#### [The problem]
Through the line that contains "Thatched beach canopy", return the data below exactly, starting at its first line; leave the rest out.

#### [Input data]
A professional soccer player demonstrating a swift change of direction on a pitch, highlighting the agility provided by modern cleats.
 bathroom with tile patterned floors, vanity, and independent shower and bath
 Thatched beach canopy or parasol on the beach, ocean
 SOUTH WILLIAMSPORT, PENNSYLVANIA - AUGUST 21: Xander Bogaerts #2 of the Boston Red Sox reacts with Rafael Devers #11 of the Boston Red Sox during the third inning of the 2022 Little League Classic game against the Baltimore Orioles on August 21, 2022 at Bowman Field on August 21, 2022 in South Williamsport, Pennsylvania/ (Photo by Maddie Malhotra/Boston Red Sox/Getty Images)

#### [Result below]
A professional soccer player demonstrating a swift change of direction on a pitch, highlighting the agility provided by modern cleats.
 bathroom with tile patterned floors, vanity, and independent shower and bath
 Thatched beach canopy or parasol on the beach, ocean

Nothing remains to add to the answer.